Additionally the resonator needs to be acoustically isolated from the substrate. There are two different types. Free Bulk Acoustic Resonator (FBAR) devices use a cavity between substrate and resonator. The Solidly Mounted Resonators (SMR), which are shown in fig.5, use an acoustic mirror to achieve an isolation from the substrate. The acoustic mirror is made of alternating λ/4 films with high and low acoustic impedance. With typical materials like silicon dioxide and tungsten, a few layers only are needed to achieve a very good isolation.
The final frequency of each device is adjusted by an additional mass load on top, which is deposit on the top electrode, e.g. silicon nitride.

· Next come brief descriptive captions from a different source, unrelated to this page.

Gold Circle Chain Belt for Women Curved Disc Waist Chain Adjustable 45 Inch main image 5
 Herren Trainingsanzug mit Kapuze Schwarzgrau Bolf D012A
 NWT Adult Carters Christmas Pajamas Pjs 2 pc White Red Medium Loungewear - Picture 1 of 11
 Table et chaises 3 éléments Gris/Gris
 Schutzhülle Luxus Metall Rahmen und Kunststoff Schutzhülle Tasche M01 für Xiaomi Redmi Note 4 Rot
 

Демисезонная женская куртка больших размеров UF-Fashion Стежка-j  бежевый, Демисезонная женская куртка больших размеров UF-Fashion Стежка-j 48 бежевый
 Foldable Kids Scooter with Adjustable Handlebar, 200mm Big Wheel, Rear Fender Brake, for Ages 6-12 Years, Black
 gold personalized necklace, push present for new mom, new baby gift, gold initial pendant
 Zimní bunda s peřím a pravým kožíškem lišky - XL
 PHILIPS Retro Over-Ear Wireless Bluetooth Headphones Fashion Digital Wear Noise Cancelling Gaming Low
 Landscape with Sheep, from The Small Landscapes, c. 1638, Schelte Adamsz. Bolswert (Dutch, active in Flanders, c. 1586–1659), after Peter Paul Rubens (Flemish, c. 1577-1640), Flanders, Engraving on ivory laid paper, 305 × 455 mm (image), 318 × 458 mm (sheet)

The requirements for the layer uniformity of each material, especially the AlN piezo layer, are very high. Realistic deposition homogeneity deviations of 0,5% lead to the final device yield of few ten percent only. By using additional tuning steps, the ion beam trimming, the layer homogeneities can typically be improved by factor of 10 to 40 (fig.6). Thus, final device yields of more than 90 % can be achieved.
Thickness adjustments of the AlN piezo layer are most important, because its thickness directly defines the resonance frequency. The frequency is additionally influenced by the mass load of the oscillator. Thus, mass load trimming helps to further improve yield. By trimming the acoustic mirror layers, additional quality factors of the RF device can be optimized.
The scia Trim technology enables a frequency adaptation of SAW and BAW devices on a wafer in order to increase the device yield from several 10% to over 90% in industrial mass production. Without ion beam trimming a cost effective mass production of frequency filter for mobile communication is not possible.